### Work task
What is needed is the exact text of each line in the listing below from the one with "Vente en ligne" up to and including the one with "Suspeito é apreendido", and no pictures.

Listed entries section start

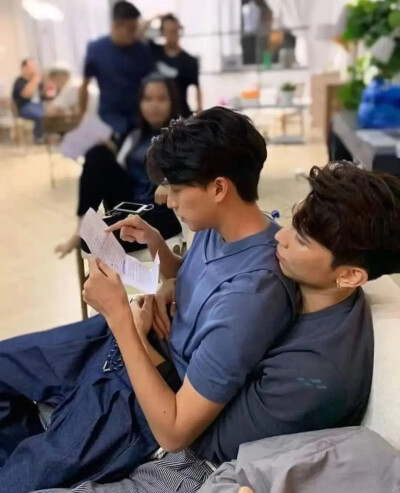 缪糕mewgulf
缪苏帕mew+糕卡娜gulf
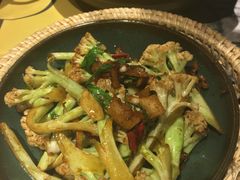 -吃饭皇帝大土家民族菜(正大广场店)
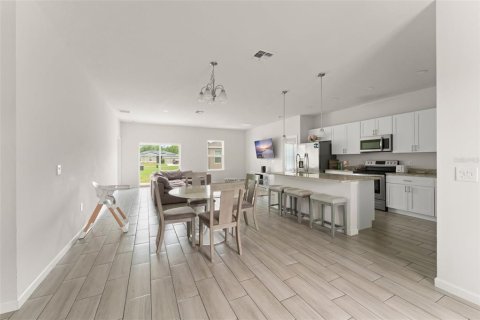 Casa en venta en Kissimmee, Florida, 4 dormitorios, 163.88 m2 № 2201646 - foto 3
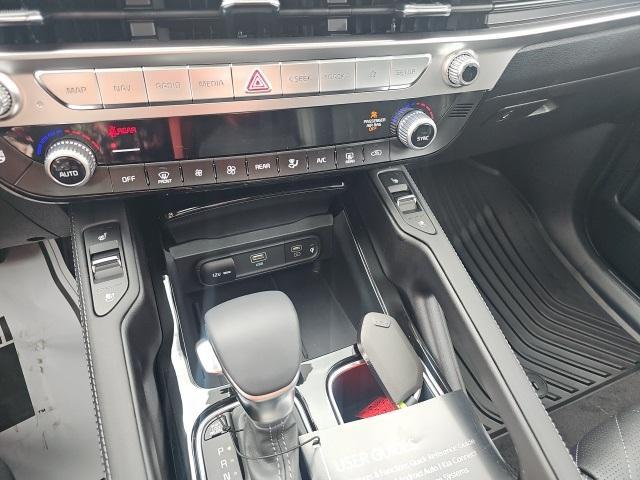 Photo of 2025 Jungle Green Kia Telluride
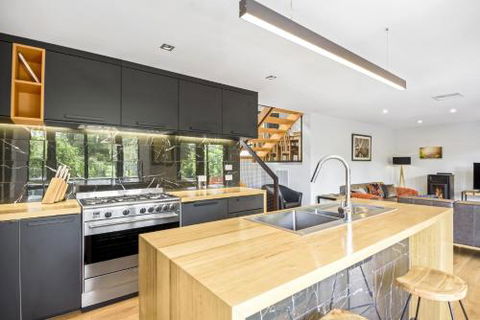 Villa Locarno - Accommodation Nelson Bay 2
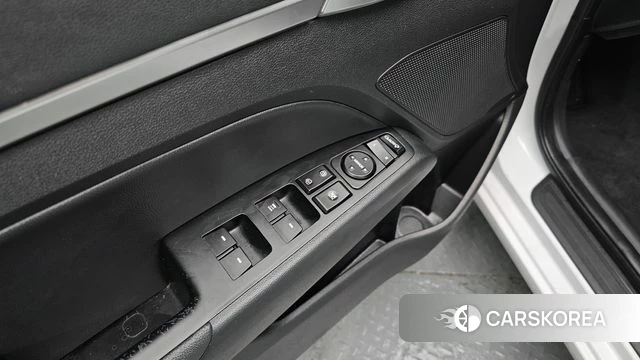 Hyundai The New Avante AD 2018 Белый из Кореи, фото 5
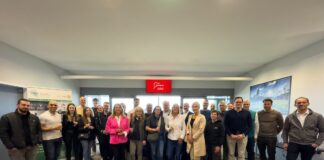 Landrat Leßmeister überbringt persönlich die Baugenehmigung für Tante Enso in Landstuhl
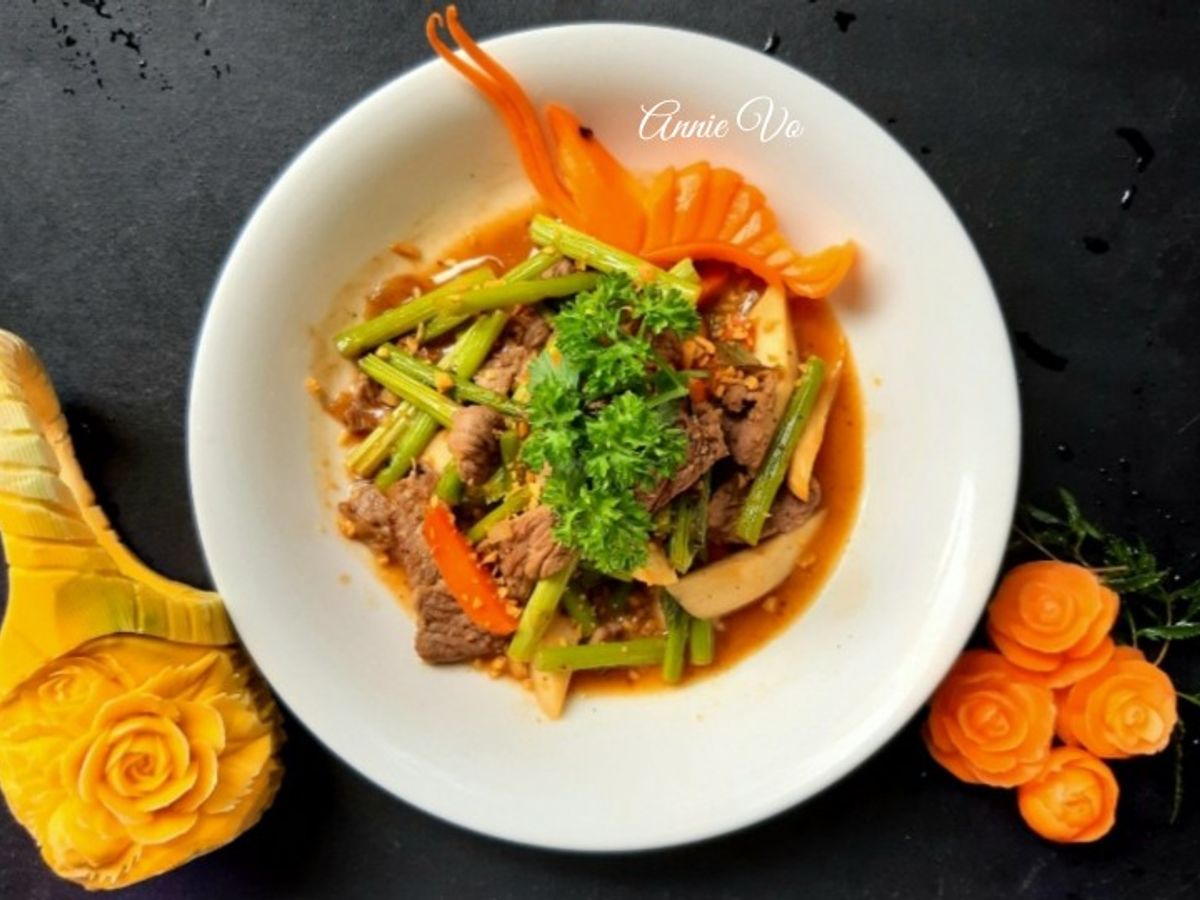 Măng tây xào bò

Listed entries section end
Listed entries section start

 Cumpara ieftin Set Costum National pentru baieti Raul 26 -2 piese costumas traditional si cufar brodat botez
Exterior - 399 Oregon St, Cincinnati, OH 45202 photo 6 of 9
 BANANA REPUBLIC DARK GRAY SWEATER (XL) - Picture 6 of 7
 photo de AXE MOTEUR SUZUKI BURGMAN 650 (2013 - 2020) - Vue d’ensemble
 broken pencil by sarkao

Listed entries section end
Listed entries section start

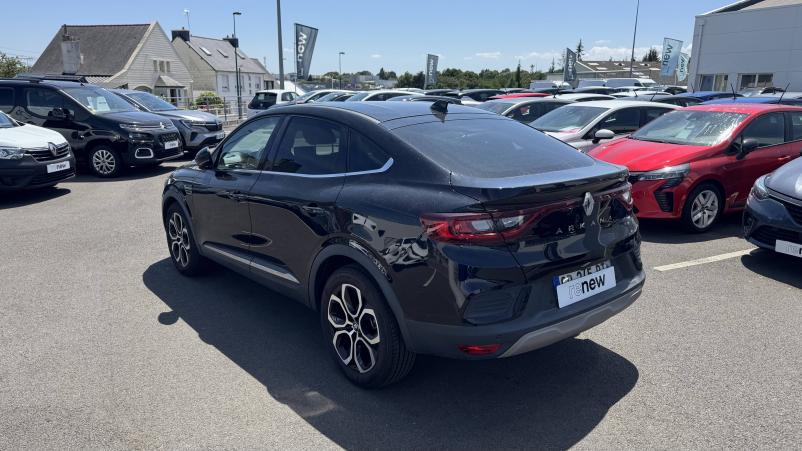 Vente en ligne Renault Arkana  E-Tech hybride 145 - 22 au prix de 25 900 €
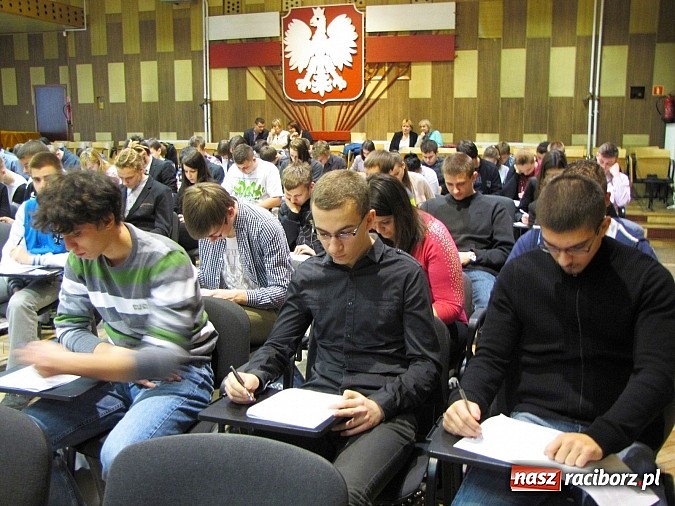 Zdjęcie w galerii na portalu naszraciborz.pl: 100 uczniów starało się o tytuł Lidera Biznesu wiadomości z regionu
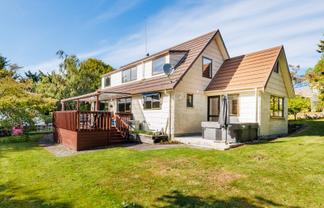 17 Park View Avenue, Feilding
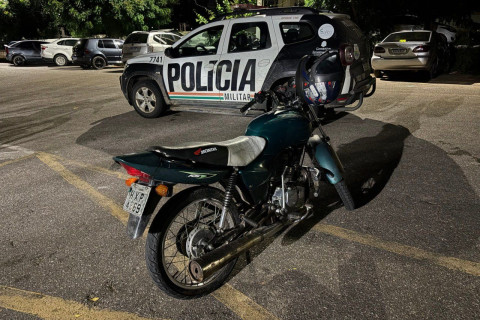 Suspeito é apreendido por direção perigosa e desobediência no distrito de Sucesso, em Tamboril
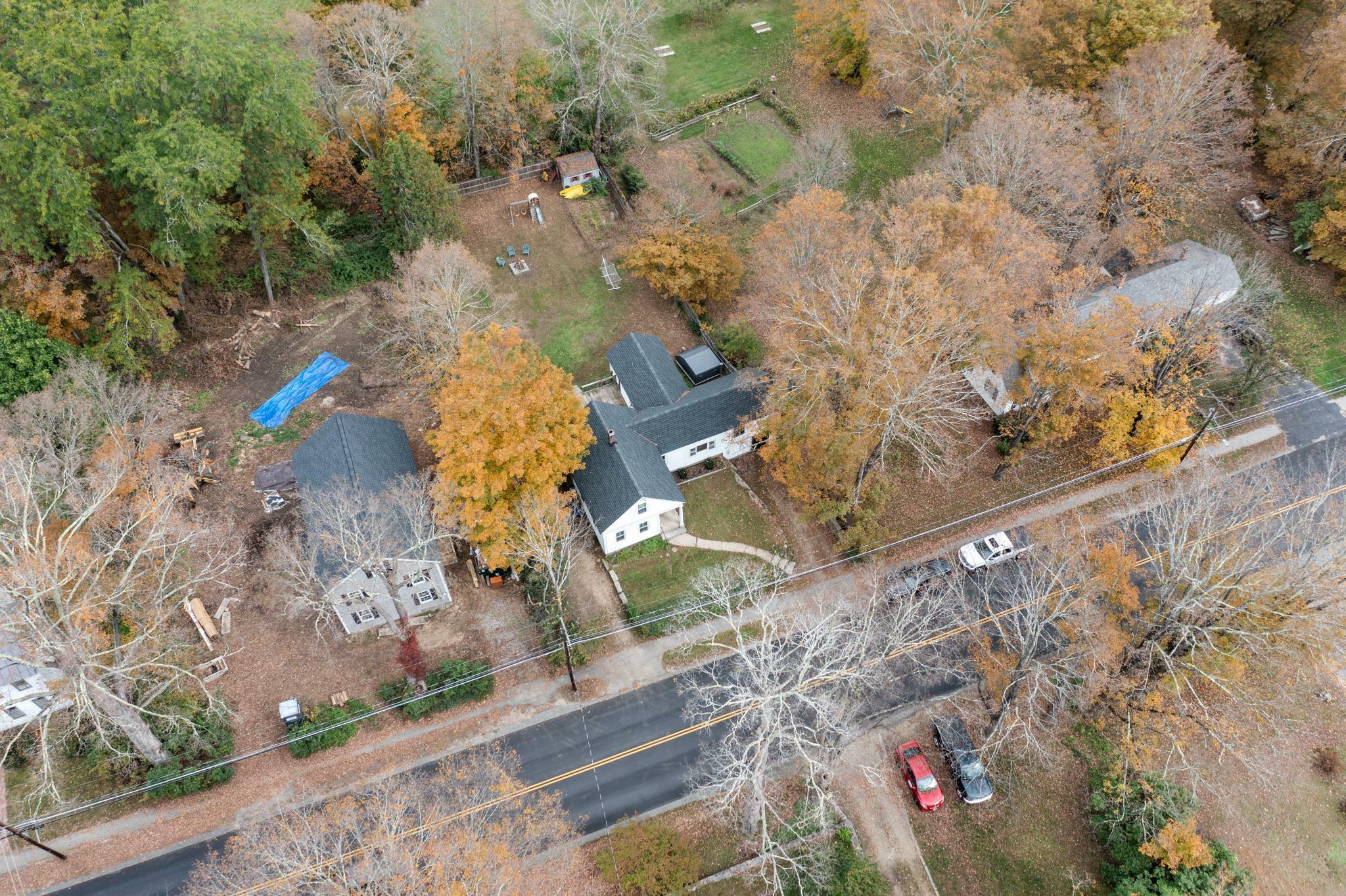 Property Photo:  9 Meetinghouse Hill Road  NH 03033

Listed entries section end

### Task answer
 Vente en ligne Renault Arkana  E-Tech hybride 145 - 22 au prix de 25 900 €
 Zdjęcie w galerii na portalu naszraciborz.pl: 100 uczniów starało się o tytuł Lidera Biznesu wiadomości z regionu
 17 Park View Avenue, Feilding
 Suspeito é apreendido por direção perigosa e desobediência no distrito de Sucesso, em Tamboril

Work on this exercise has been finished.